Scripture Reading: Acts 17:27-28
Have you ever been outside in the summer, with the sun blazing down and an eyefull of bright light washing your day in glory? What happens when you walk inside? You are instantly blinded, stumbling around, running into things, and feeling helpless. It takes a while before you are able to adjust to the indoor lighting and find what you needed.
That is the pattern of my story, in a way. I was born into a cozy Christian home, homeschooled, brought up in church, and drenched in good stuff. Even as a young girl I took both an intellectual and a heart interest in spirituality and the presence of God among us. That was the blazing glory of the light on a sunlit day. That fire carried on for a long time, into college.

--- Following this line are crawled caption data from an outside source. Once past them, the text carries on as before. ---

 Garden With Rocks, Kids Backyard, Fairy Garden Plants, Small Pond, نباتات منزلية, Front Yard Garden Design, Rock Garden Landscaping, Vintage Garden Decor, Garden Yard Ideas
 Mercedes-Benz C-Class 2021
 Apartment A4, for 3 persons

But after a while, I began to question things. After some sort of emotionally traumatizing things happened in college, I began to wonder why I had never encountered some of the difficult questions. I began to doubt that my faith, or even my religion, was big enough to answer all of the large, imminent questions that I was asking of it. I felt that the “rose-colored glasses” had been stripped off, and that the thing I had spent so much of my life pursuing was, perhaps, a misunderstanding. “Why is it so hard? Why do I only hear the cookie-cutter responses to the real answers I need about the way the world works? Why does God seem so small?”

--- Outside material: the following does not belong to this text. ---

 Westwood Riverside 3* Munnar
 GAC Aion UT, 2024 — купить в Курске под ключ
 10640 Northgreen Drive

In the midst of this time I was experiencing incredibly deep spiritual connections to myself and to the world around me, and didn’t know if Christianity was the answer. I didn’t know where to turn, and the memories of intense intimacy, that I had experienced so many times with the God of Christianity, were hard to remember in those times.
But something inside my heart held on to those moments. Something inside was just waiting to me awakened by not just truth, but love in truth. By something very real, very imminent, very big.
It actually took me a long time to heal from that doubt, but simply laughing with people, appreciating them for who they were, having empathy with the way that they experienced God–there were the small yet constant ways that God was showing me that HE is the Spirit breathing through the world. So many incredibly vital conversations with my best friend (who has turned out to be my husband, praise the Lord) showed me that there is hope, there is a future, and that God is not far from each one of us.
That’s why I’ve chosen this slightly unorthodox verse for my “life verse.” Because it reminds me that God is truly not far from each one of us. He is in the air around us, He is the love between us, He is the reason we live, and move, and have our being. From Him and to Him be all the glory for now and forever! Amen.
I groped around for a while looking for the truth. Then I gave up on it at all. And now I have come to realize that I know very, very little about Him. I don’t uderstand anything. But He has given us shreds of truth, in the bite-sizes that we can understand for the time being. But there is always more out there, and that is why I love to seek the patterns of the earth to see where He turns up. Because….He is not far from each one of us. And we are meant to find Him.